Records shown:
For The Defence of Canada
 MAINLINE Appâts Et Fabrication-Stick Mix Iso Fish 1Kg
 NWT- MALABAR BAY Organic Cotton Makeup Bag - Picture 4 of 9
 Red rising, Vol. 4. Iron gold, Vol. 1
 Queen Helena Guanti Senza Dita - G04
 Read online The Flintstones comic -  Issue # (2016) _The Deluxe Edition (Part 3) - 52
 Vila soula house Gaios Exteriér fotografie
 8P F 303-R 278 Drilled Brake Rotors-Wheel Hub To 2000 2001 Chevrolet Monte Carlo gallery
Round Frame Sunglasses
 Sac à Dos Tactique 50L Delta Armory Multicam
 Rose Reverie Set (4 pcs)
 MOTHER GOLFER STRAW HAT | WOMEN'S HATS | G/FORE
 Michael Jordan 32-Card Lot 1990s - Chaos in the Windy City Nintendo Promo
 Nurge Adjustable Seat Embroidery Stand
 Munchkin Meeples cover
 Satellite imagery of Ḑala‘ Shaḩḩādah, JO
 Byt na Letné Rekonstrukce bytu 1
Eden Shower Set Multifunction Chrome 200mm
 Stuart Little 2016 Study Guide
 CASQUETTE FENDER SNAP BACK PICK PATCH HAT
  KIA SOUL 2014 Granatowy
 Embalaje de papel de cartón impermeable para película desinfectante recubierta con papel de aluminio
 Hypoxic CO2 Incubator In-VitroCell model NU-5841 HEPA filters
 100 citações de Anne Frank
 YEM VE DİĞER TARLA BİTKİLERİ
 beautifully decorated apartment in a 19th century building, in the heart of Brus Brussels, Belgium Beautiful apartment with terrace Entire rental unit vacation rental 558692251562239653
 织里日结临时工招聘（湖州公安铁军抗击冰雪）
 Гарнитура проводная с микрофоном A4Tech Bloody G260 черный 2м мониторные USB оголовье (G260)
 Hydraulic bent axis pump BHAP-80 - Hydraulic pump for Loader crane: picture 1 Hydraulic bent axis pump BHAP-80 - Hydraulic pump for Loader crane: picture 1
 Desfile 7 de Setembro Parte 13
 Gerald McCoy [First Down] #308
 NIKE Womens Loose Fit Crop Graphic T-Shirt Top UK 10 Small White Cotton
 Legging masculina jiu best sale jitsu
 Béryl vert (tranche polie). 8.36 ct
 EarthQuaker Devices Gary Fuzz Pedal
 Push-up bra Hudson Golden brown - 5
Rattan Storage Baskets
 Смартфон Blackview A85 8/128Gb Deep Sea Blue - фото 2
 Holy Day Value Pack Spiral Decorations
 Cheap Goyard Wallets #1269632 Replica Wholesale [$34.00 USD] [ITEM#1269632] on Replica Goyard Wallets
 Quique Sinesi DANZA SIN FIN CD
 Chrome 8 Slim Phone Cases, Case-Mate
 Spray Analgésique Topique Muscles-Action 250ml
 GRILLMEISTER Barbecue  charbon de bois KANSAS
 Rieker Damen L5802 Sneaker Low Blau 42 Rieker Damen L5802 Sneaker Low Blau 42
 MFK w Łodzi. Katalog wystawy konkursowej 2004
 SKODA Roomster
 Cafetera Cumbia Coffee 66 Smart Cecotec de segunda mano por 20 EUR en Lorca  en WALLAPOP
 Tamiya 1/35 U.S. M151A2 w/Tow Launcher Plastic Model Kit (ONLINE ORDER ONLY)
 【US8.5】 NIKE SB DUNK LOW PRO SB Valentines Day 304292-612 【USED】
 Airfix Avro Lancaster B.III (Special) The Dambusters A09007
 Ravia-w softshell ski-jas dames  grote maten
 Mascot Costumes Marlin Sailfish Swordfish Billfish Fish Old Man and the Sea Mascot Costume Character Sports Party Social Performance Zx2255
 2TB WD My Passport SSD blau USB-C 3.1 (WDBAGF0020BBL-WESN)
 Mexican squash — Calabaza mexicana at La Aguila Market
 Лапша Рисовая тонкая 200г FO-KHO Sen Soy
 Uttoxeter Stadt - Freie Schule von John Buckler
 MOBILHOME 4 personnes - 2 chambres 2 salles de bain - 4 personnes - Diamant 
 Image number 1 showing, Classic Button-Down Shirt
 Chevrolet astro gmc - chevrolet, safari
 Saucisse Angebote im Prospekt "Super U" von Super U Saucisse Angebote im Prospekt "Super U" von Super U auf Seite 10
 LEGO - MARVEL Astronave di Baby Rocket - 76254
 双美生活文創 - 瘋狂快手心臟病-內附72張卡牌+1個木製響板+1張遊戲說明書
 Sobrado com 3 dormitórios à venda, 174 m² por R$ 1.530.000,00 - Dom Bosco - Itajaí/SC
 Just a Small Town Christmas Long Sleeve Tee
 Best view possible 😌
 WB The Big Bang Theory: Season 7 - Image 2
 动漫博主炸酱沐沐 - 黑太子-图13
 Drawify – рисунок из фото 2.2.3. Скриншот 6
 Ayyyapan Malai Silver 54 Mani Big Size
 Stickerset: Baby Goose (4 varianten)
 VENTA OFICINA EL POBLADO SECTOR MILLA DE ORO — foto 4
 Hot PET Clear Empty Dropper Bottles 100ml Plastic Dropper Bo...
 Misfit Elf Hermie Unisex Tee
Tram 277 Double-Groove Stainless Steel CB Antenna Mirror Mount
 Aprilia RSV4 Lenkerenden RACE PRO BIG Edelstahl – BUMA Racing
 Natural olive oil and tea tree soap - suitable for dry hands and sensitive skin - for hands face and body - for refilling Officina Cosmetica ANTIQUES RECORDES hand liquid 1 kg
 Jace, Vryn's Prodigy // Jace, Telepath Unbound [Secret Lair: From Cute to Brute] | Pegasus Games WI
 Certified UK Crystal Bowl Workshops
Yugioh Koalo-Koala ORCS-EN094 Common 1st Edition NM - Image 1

Exercise prompt: In the material above, find the line containing "LEGO - MARVEL" and the line containing "Tram 277 Double-Groove", then write out exactly those two lines and every line between them, and nothing more.

Your solution:
 LEGO - MARVEL Astronave di Baby Rocket - 76254
 双美生活文創 - 瘋狂快手心臟病-內附72張卡牌+1個木製響板+1張遊戲說明書
 Sobrado com 3 dormitórios à venda, 174 m² por R$ 1.530.000,00 - Dom Bosco - Itajaí/SC
 Just a Small Town Christmas Long Sleeve Tee
 Best view possible 😌
 WB The Big Bang Theory: Season 7 - Image 2
 动漫博主炸酱沐沐 - 黑太子-图13
 Drawify – рисунок из фото 2.2.3. Скриншот 6
 Ayyyapan Malai Silver 54 Mani Big Size
 Stickerset: Baby Goose (4 varianten)
 VENTA OFICINA EL POBLADO SECTOR MILLA DE ORO — foto 4
 Hot PET Clear Empty Dropper Bottles 100ml Plastic Dropper Bo...
 Misfit Elf Hermie Unisex Tee
Tram 277 Double-Groove Stainless Steel CB Antenna Mirror Mount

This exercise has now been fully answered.